Correlation is very time consuming. It is efficient only when
the object of interest is made up of standard shapes. Moreover the standard shape should be of the same size as that of the
target. So in order for correlation to work well the prototype should be of the same size and shape as that of the target
and that the target has to be static. This is because correlation is performed block wise on the image. If the target is in
random motion, the block may not be able to capture the target at all. We all know that the objects in our surrounding need
not be of a regular shape or even be universally same. Hence one more method to solve this problem is to use the object to
be recognized itself as a prototype. This only solves the problem of not having a regularly shaped prototype predefined, more
over the prototypes can be acquired dynamically, but what about their orientation and types? Consider a chair for example;
it need not be same universally having 4 legs, and also in an upright position during recognition. Correlation thus fails
in one or the other way since it requires each and every aspect of the object to match with that of the prototype.
How does it
happen in our visual system?

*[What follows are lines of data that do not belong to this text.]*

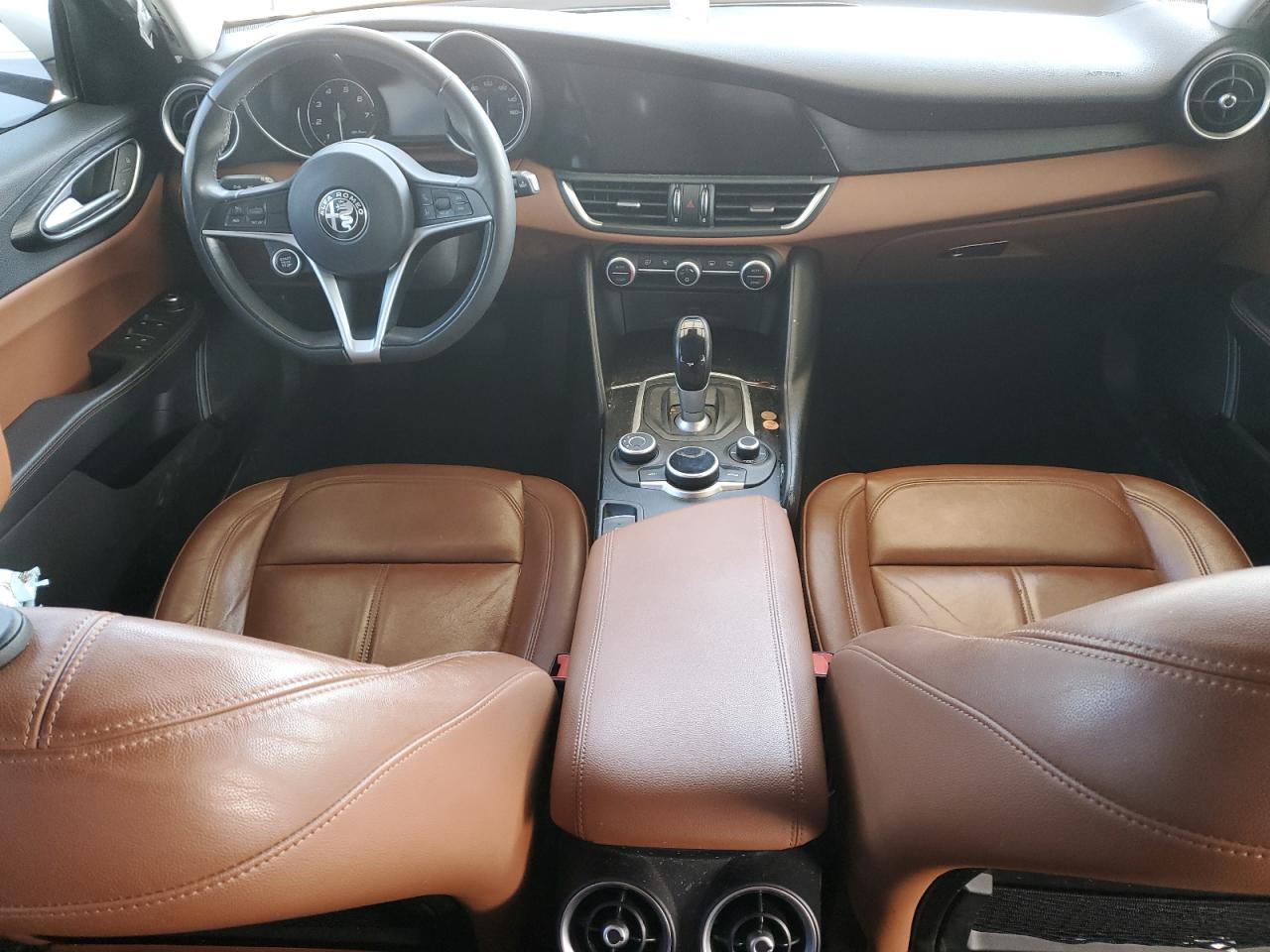 2017 Alfa Romeo Giulia - Image 8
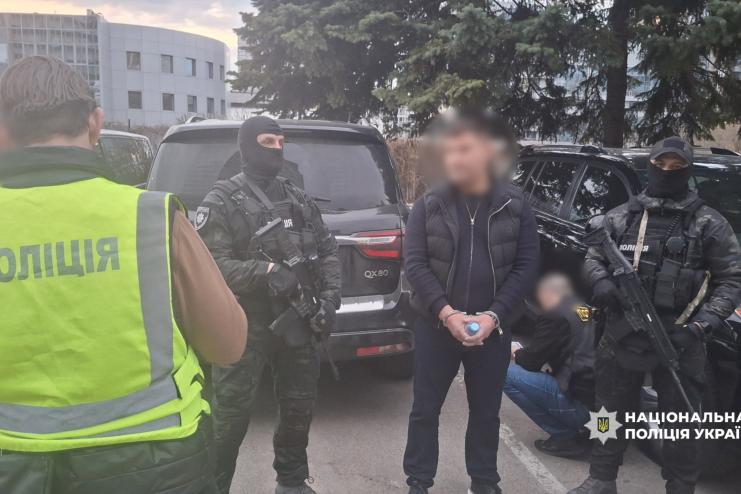 Продавали «бронь» і виїзд за кордон: Нацполіція викрила масштабну схему з участю кримінального авторитета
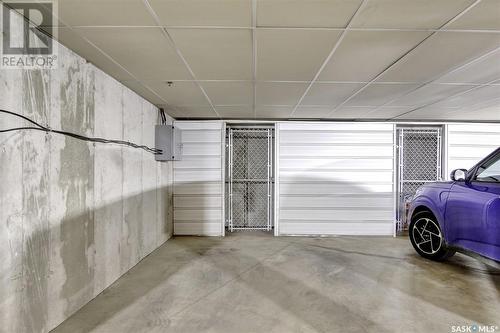 323 1715 Badham Boulevard, Regina, SK - Indoor Photo Showing Garage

We make use of an abstract capacity in us, which helps us build the object somewhat
vaguely and gives us an idea of it in another orientation. This abstract
capacity in us is our knowledge. Our knowledge is able to do this because we are able to perceive the objects in 3D. We are
able to think and therefore need not
have a prototype in all possible angles, which is impossible. An abstract answer though.
It's all about "Divide and Rule, Combine and Head" policy that
always wins.